_Exercise_:
Please repeat, exactly and without pictures, the lines of the entries below that run from the one containing "фото Рубашка mavi" through the one containing "Read Samurai no Tora Manga Online".

"""

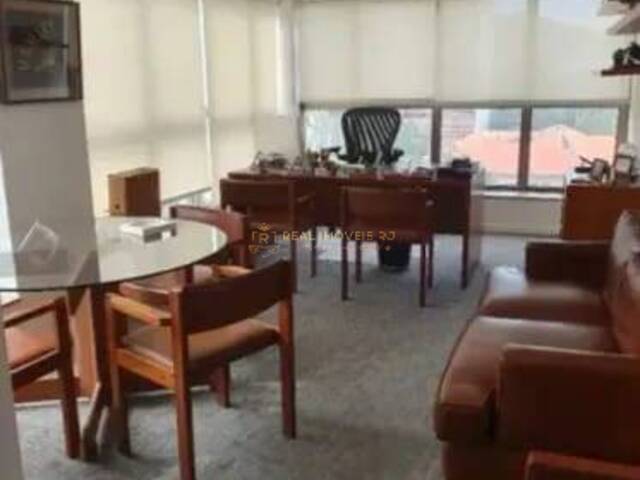 #Real871 - Sala para Venda em Rio de Janeiro - RJ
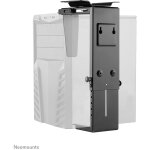Neomounts NM-CPU100BLACK Select PC-Halter 10KG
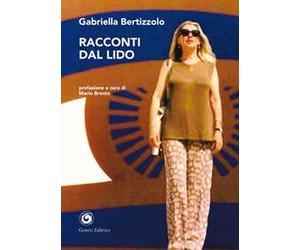 Racconti dal Lido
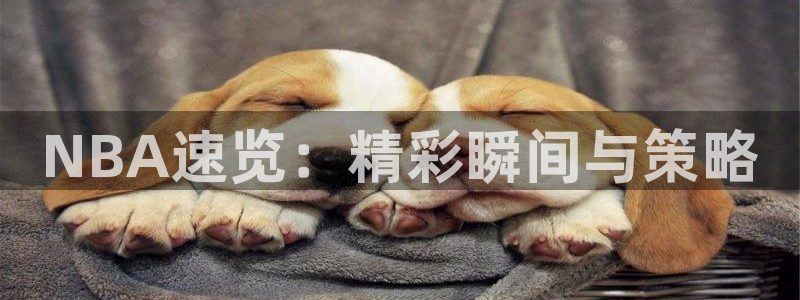 168全国统一开奖官网直播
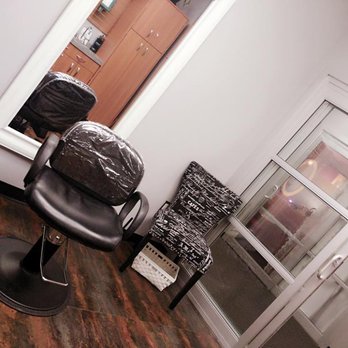 Polished Edge - Hair Salons Near Me - Katy, Texas Polished Edge - Hair Salons Near Me - Katy, Texas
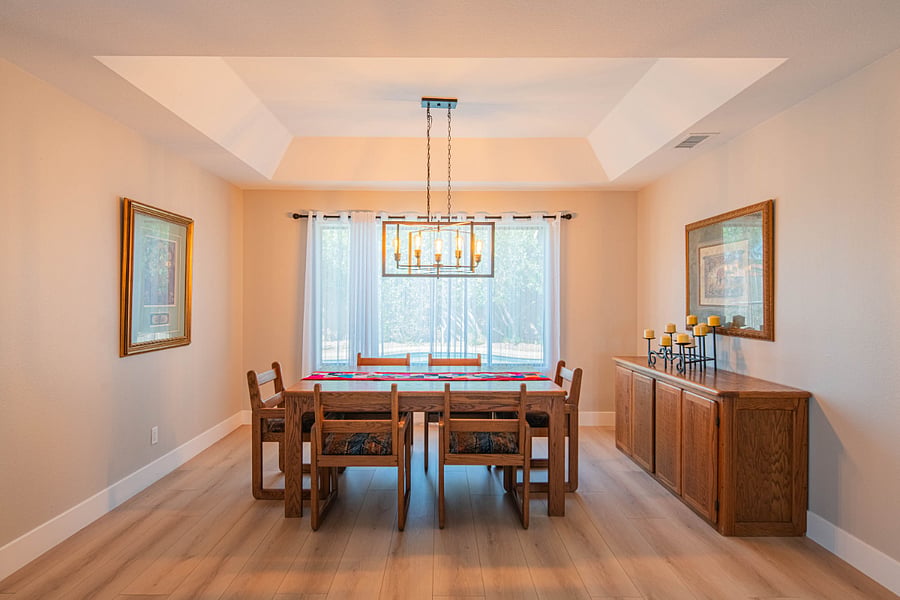 Furnished Finder property 730822_1 photo 15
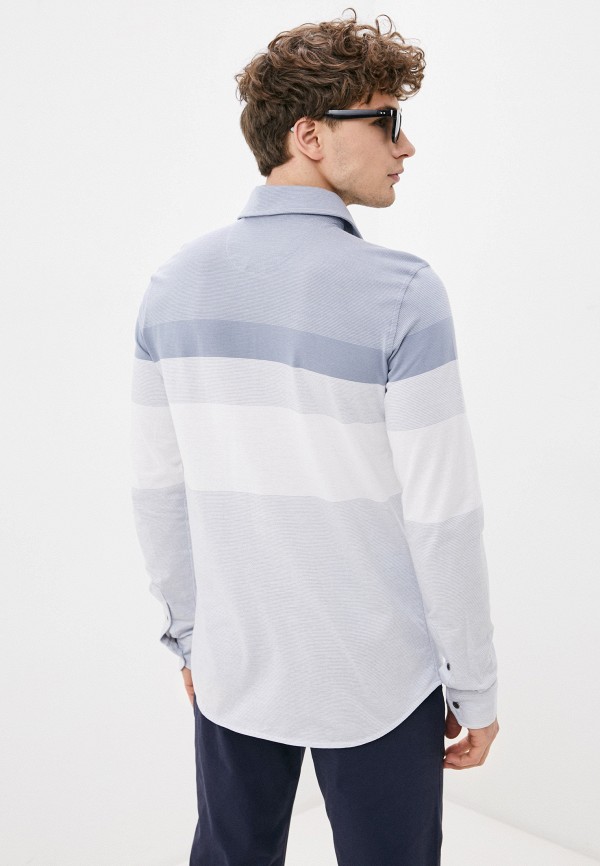 фото Рубашка mavi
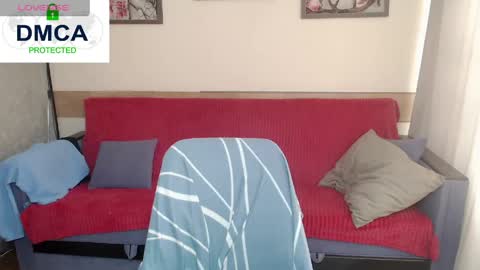 your Lana online show from March 2026 09:35:01 AM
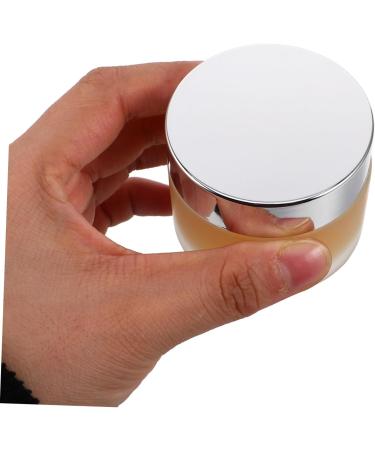 Didiseaon Astaxanthin Cream Women Brightening Cream Facial Skin Brightening Skin Brightening in Travel Size Astaxanthin Shrink Facial Repair Paste 1 - Buy Online on GoSupps.com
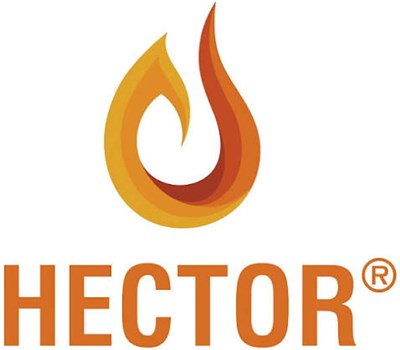 Logo Hector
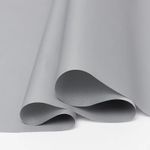 silver-gris-medio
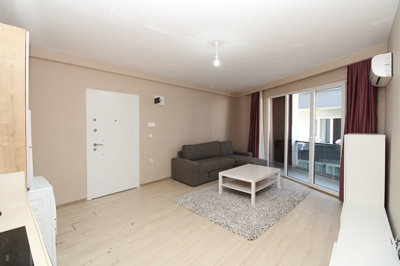 Interior 2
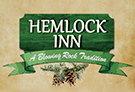 Hemlock Inn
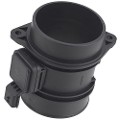Z24724R — ZIKMAR — Расходомер воздуха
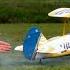 Searching For Australia S Best Scale RC Plane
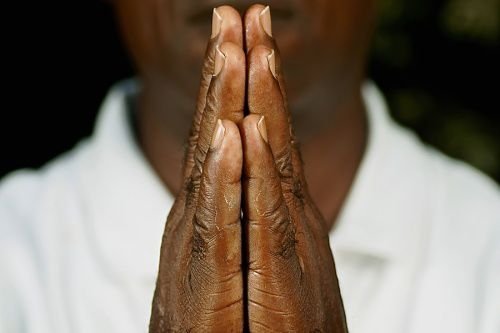 Credit: Salim October via www.shutterstock.com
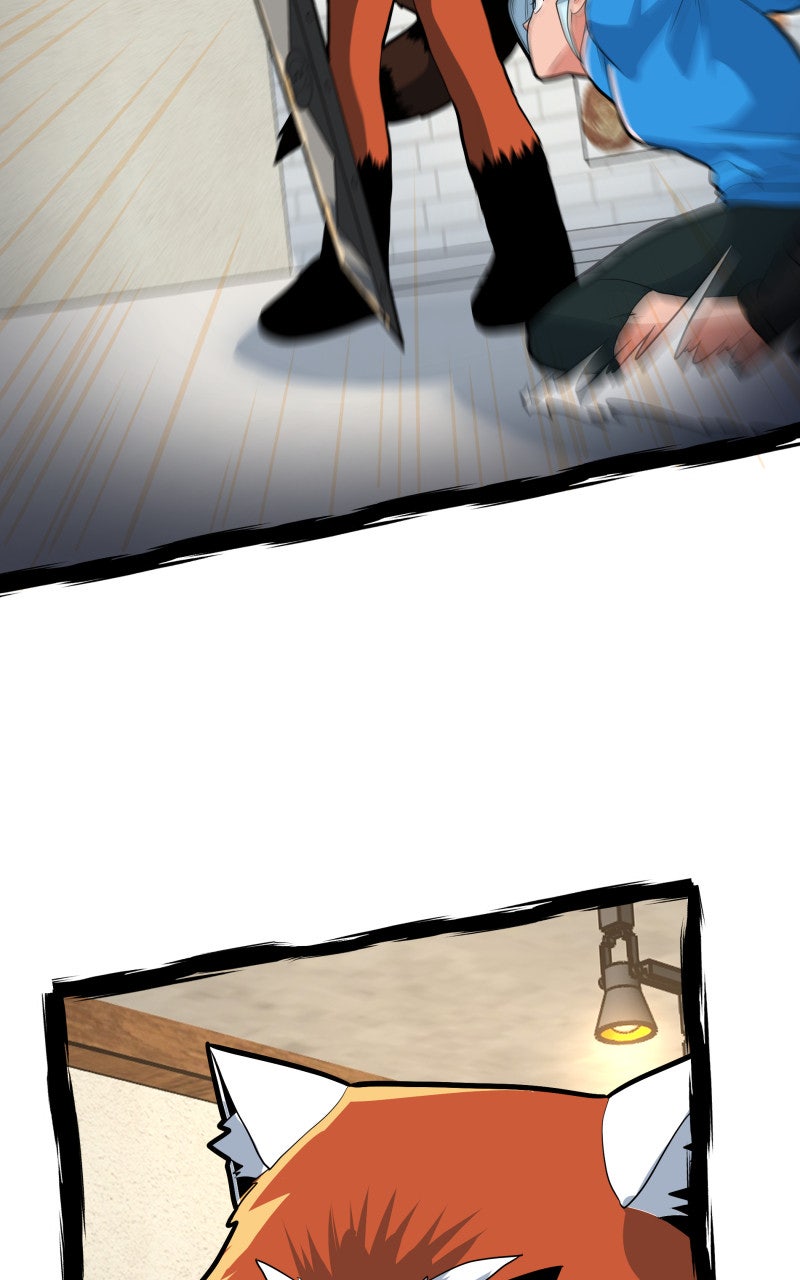 Read Samurai no Tora Manga Online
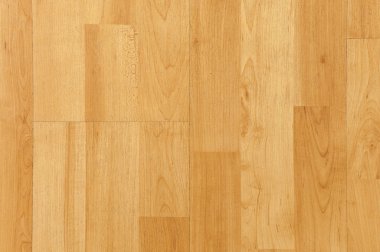 Arka plan serisi: Laminat zemin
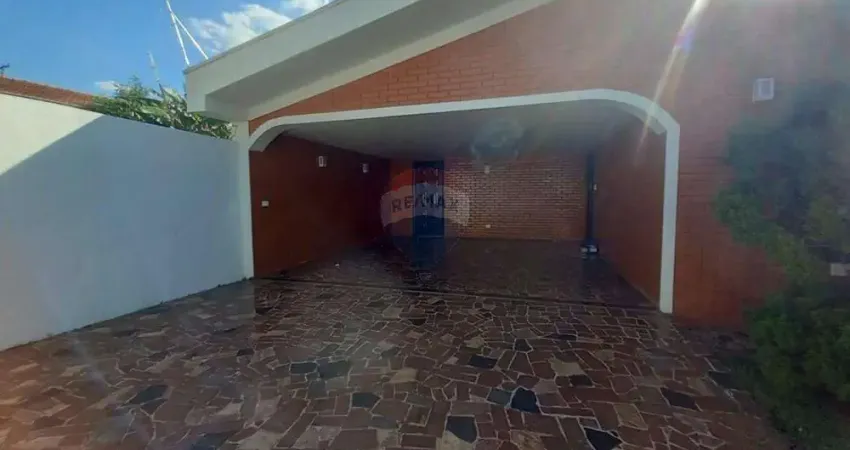Casa para alugar em jardim são paulo de 330.00m² com 3 quartos, 1 suite e 4 garagens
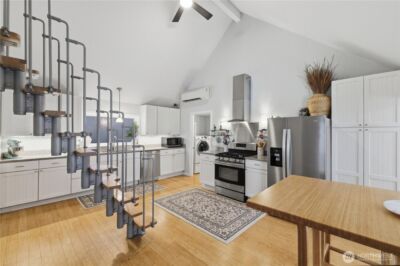 10611 2nd Place SW, Seattle, WA 98146 - Photo 8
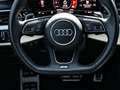 Audi RS4 Avant 2.9 TFSI 280 km/h/MATRIX LED/MASSAGE/NAVI Grijs - thumbnail 6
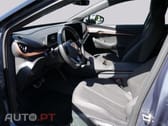 Cupra Tavascan I.V.A DEDUTÍVEL Endurance
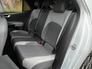 2021 VOLKSWAGEN ID.3 PRO 150 KW STYLE 58KWH 5DR AUTO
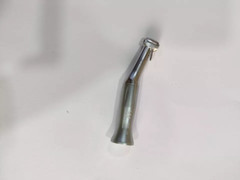 Waldent Dental Implant Contra Angle Handpiece 20:1 Single Water Spray Free Ship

"""

_Answer to this problem_:
 фото Рубашка mavi
 your Lana online show from March 2026 09:35:01 AM
 Didiseaon Astaxanthin Cream Women Brightening Cream Facial Skin Brightening Skin Brightening in Travel Size Astaxanthin Shrink Facial Repair Paste 1 - Buy Online on GoSupps.com
 Logo Hector
 silver-gris-medio
 Interior 2
 Hemlock Inn
Z24724R — ZIKMAR — Расходомер воздуха
 Searching For Australia S Best Scale RC Plane
 Credit: Salim October via www.shutterstock.com
 Read Samurai no Tora Manga Online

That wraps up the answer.